NEW YORK (Reuters) - A U.S. appeals court on Monday revived lawsuits against National Westminster Bank by about 200 victims of attacks in Israel attributed to Hamas who are seeking to hold the bank liable for handling transactions linked to the group.
The 2nd U.S. Circuit Court of Appeals in New York said a lower court judge erred in dismissing the two lawsuits against the Royal Bank of Scotland Group Plc unit over its dealings with Interpal, a London-based charity linked to Hamas.
Writing for a three-judge appeals court panel, Circuit Judge Pierre Leval said the U.S. Anti terrorism Act required a showing only that NatWest knew or was deliberately indifferent to whether Interpal provided material support to Hamas, “irrespective of whether Interpal’s support aided terrorist activities of the terrorist organization.”
The decision covers victims of attacks from 2002 to 2005 and could make it easier to pursue U.S. civil claims that banks turned a blind eye to client activity linked to terrorism.
It was released less than seven hours before a jury in Brooklyn said Jordanian bank Arab Bank Plc provided material support to Hamas, and must therefore compensate the victims of two dozen attacks allegedly carried out in Israel and the Palestinian territories by the Islamic militant group. Nearly 300 Americans who were either victims or related to victims of the attacks had sued Arab Bank. Damages will be determined later.
In the NatWest case, the plaintiffs sued because that bank had from 1994 to 2007 maintained accounts for Interpal, which claims to give humanitarian aid to people in Palestinian territories but which the United States and Israel have said funds terrorism by Hamas.
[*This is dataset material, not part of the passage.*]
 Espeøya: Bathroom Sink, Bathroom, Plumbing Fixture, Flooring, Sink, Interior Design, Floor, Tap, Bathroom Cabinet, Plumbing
In August 2003, the U.S. Treasury Department designated Interpal a “specially designated global terrorist.”
But in dismissing the lawsuits in March 2013, U.S. District Judge Dora Irizarry in Brooklyn found no showing that NatWest knew or deliberately ignored Interpal’s role in funding Hamas.
She based this in part on a finding that British authorities, including the Bank of England, had “cleared Interpal of allegations of terror financing, expressly giving NatWest permission to maintain Interpal’s accounts.”
Leval said jurors might conclude from this finding that NatWest could have believed Interpal was not supporting a terrorist organization.
“However, in the face of contrary findings - in this case by the United States Treasury Department - such views of foreign governments could not support summary judgment” for NatWest, he said.
RBS and its lawyer Jonathan Blackman did not respond to requests for comment.
“This is a clean win” for the plaintiffs, said Peter Raven-Hansen, a law professor at George Washington University who worked on their appeal. “It shows that a foreign government’s view of whether a terrorist organization can have a good side and a bad side is irrelevant under the statute, when the United States has decided that terrorist organizations don’t have good sides.”
Gary Osen, who represents some plaintiffs, called the decision “a major victory for American terror victims.”
The case is Weiss et al v. National Westminster Bank Plc, 2nd U.S. Circuit Court of Appeals, No. 13-1618.